Beginning with the line that holds "2023 BMW R 1250 GS Triple Black", copy every remaining line of the listing below exactly, and leave the pictures out.

--*--

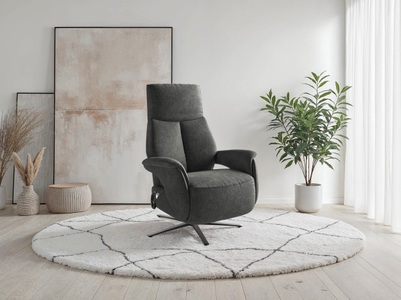 Sit & More, sit&more TV-Sessel "TV Lazy" mit Herz-Waage-Positon und 3 Motoren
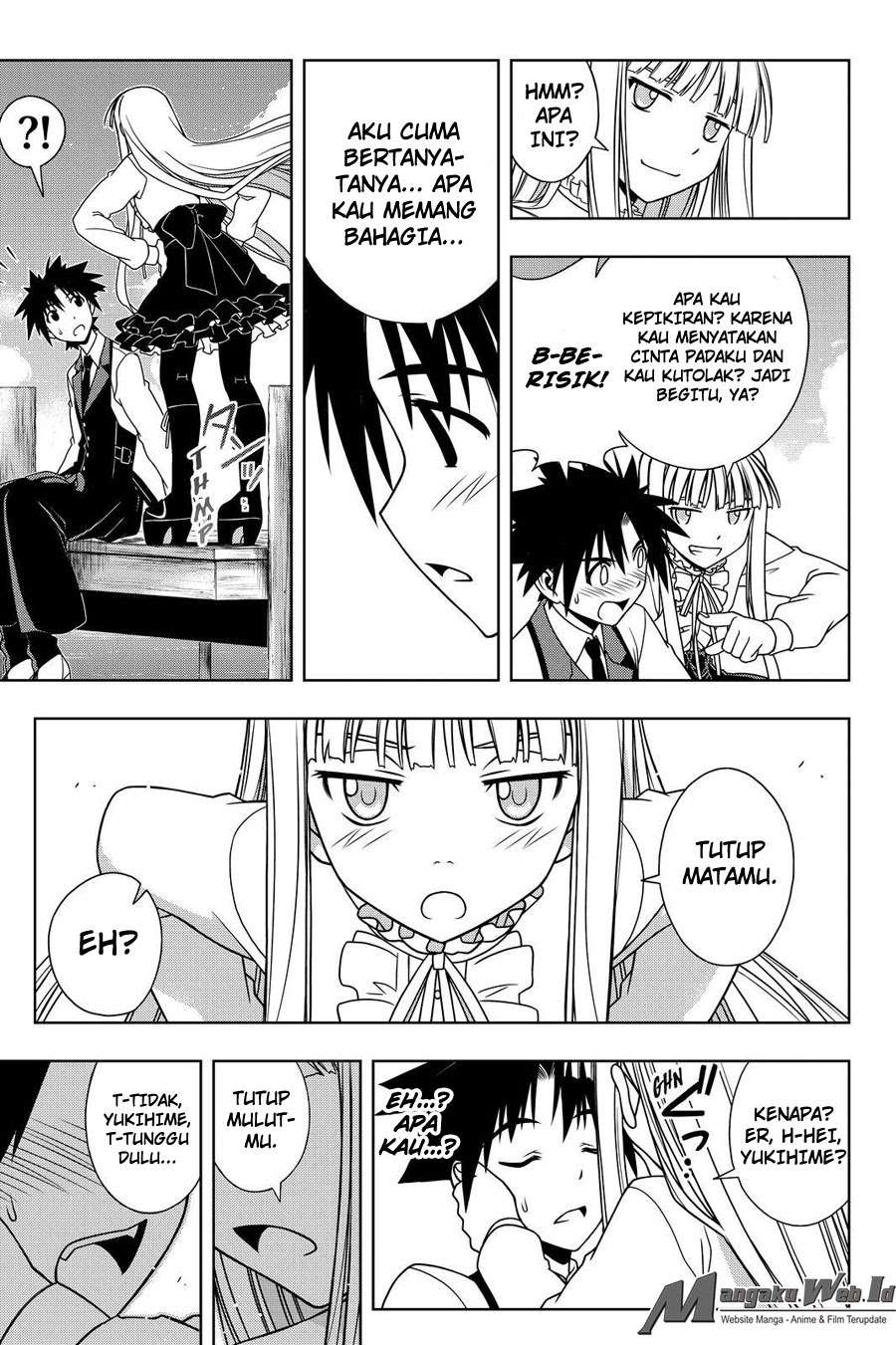 Chapter 110 - halaman 13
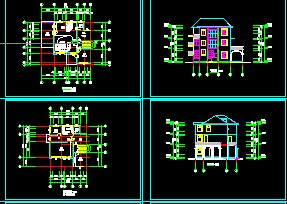 ĳ����ʩ��ͼ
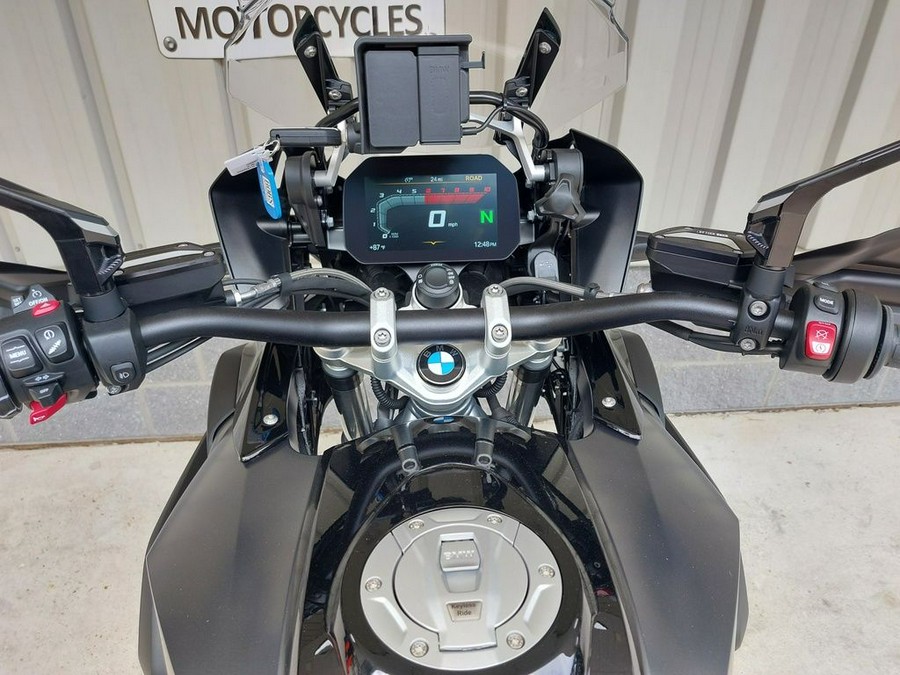 2023 BMW R 1250 GS Triple Black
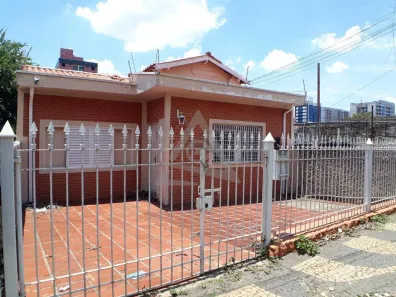 Imóvel Comercial com 3 Quartos para alugar, 86m² no Botafogo, Campinas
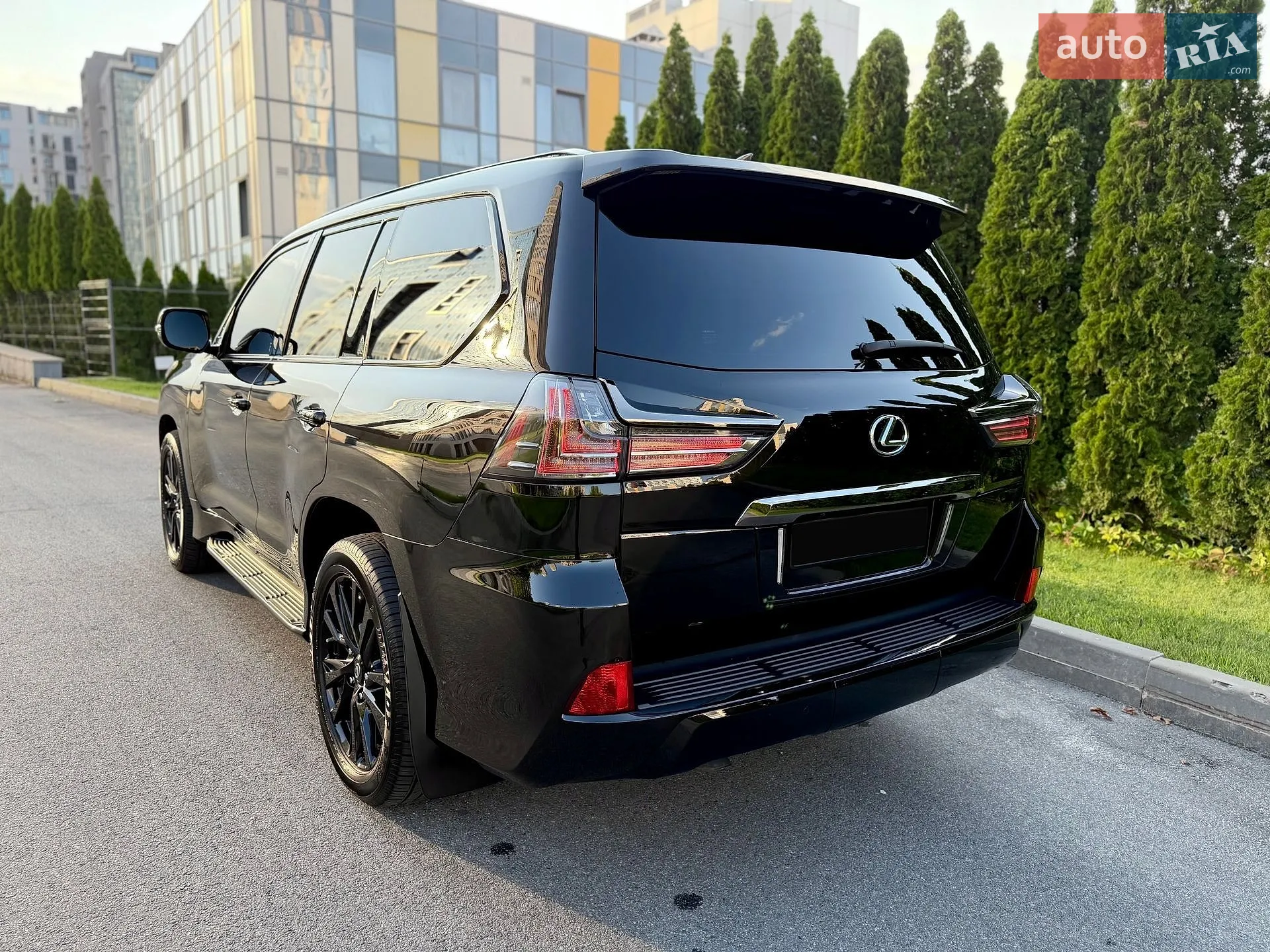 2019 Lexus LX - мініатюра 6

--*--

Exercise answer:
 2023 BMW R 1250 GS Triple Black
 Imóvel Comercial com 3 Quartos para alugar, 86m² no Botafogo, Campinas
 2019 Lexus LX - мініатюра 6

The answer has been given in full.